Option 1. Nextcloud AIO publicly available through HTTPS

It needs the HTTP & HTTPS ports which are in use. Otherwise, this would be the go-to for me.

Option 2. Nextcloud AIO through wireguard

I would have to switch between two wireguard instances on Android. There would probably be continuous connection errors and sync problems on apps that try to connect to either location (nextcloud and davx5 for example).

Setup would be a bit compilated for me. AFAIK, I would have to set up a local DNS, self made certificates and a reverse proxy for the Apache server.

Setup would be complicated for all other users as well and require wireguard and manually installed certificates.

Option 3. Nextcloud AIO with tailscale

Setup complicated like #2 and then some?

I have no idea if it works while using the android wireguard app for the other connection I need.

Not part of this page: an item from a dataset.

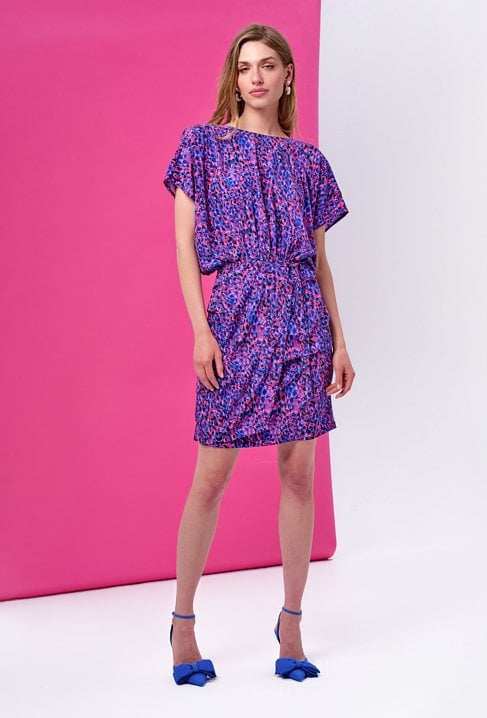 Satynowa krótka sukienka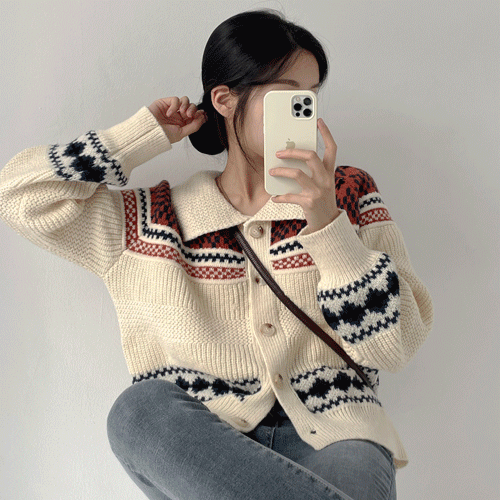 [도톰,폭닥/빈티지무드] 유니크한 패턴, 아방핏 카라 니트가디건 (2color)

Option 4. Radicale and Ente publicly available

As far as I know, these run on special ports that are not 80 or 443.

Server setup would be slightly complicated.

Client setup would be simple.

Document sync I would have to figure out later (maybe just syncthing or otter setup?).

  • diminou@lemmy.zipEnglish
    4·
    2 days ago

    In fact 80 and 443 refer to http and https, those are default ports.

    You can in fact use the ports you want for the service you want. I have multiple web services behind the ports 80 and 443, you need one service that is able to get the request at the correct port. This is the role of the reverse proxy.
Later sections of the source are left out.